Exercise:
In this exercise, the entries below include pictures. Repeat exactly the lines from the line with "EUC Antonio Melani" to the line with "Maestros y policías", including both, but without the pictures.

Records for the task:
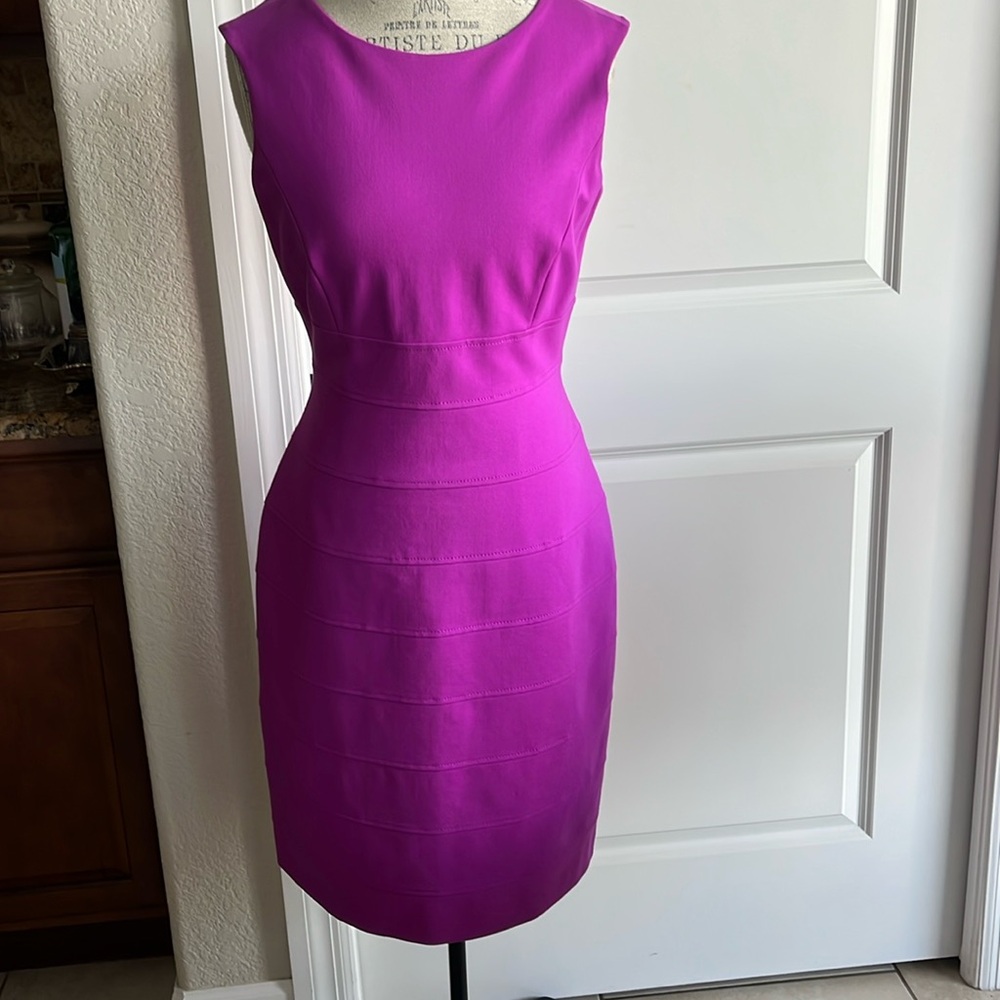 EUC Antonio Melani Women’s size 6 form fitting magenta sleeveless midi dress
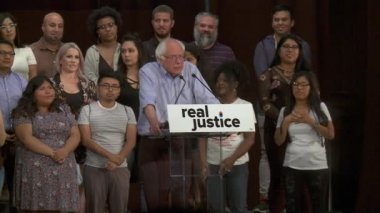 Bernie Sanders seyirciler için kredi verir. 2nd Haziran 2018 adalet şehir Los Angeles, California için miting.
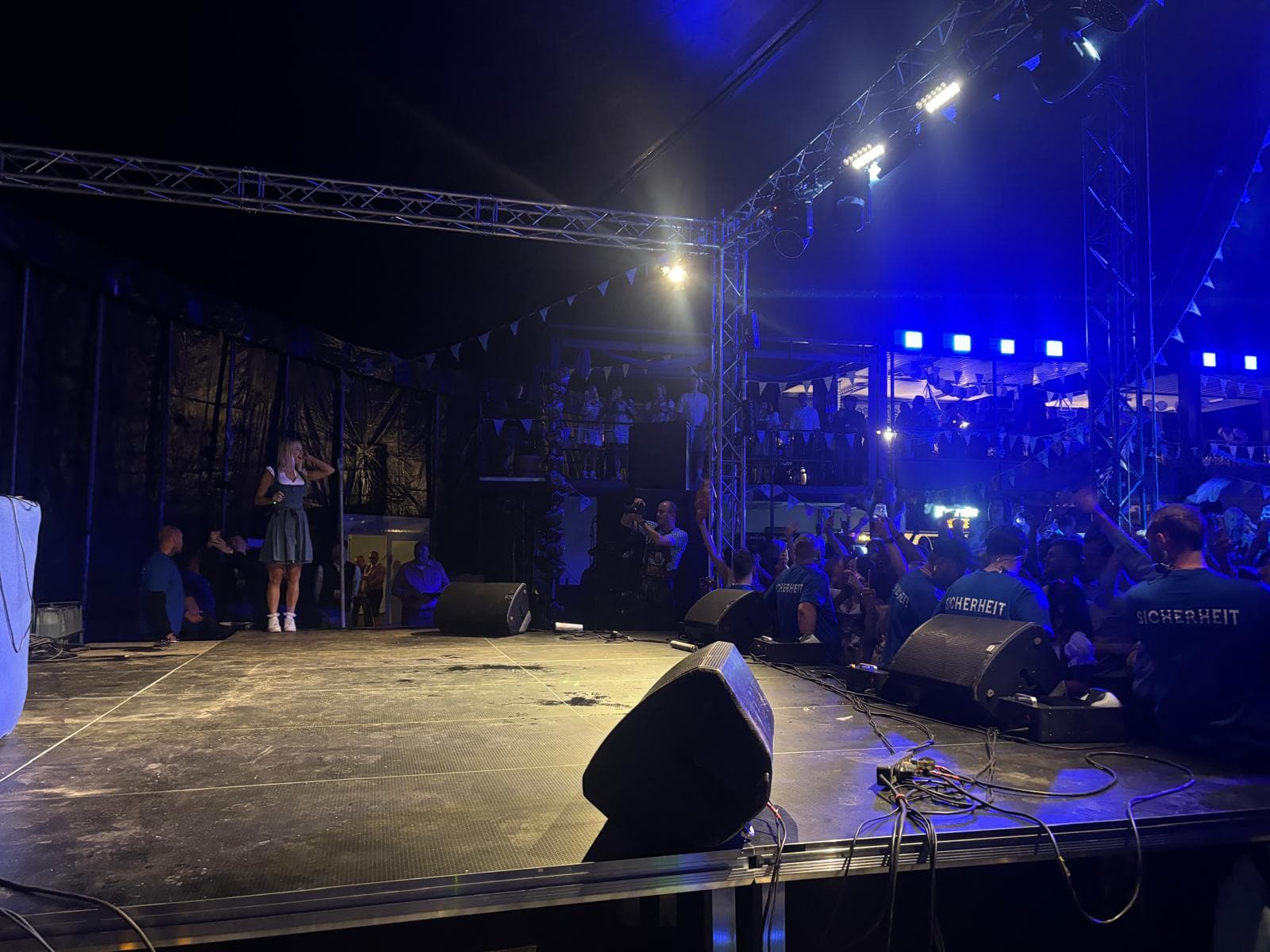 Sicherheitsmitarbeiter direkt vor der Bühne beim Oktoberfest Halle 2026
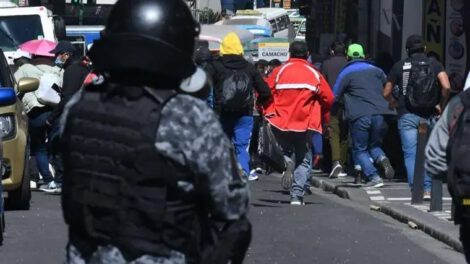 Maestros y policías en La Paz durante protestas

==

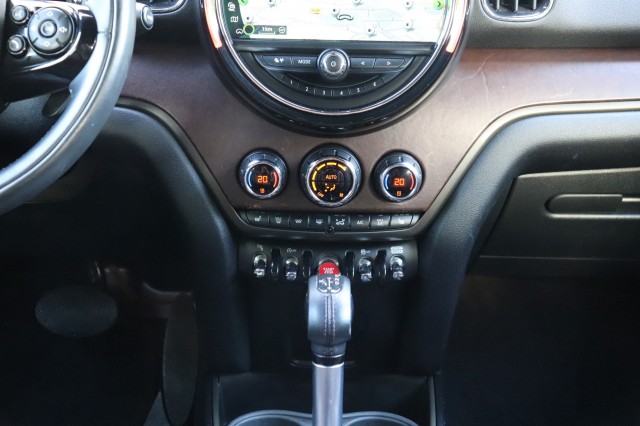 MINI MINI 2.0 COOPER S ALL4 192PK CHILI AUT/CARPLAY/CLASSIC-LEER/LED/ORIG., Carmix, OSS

Exercise response:
 EUC Antonio Melani Women’s size 6 form fitting magenta sleeveless midi dress
 Bernie Sanders seyirciler için kredi verir. 2nd Haziran 2018 adalet şehir Los Angeles, California için miting.
 Sicherheitsmitarbeiter direkt vor der Bühne beim Oktoberfest Halle 2026
 Maestros y policías en La Paz durante protestas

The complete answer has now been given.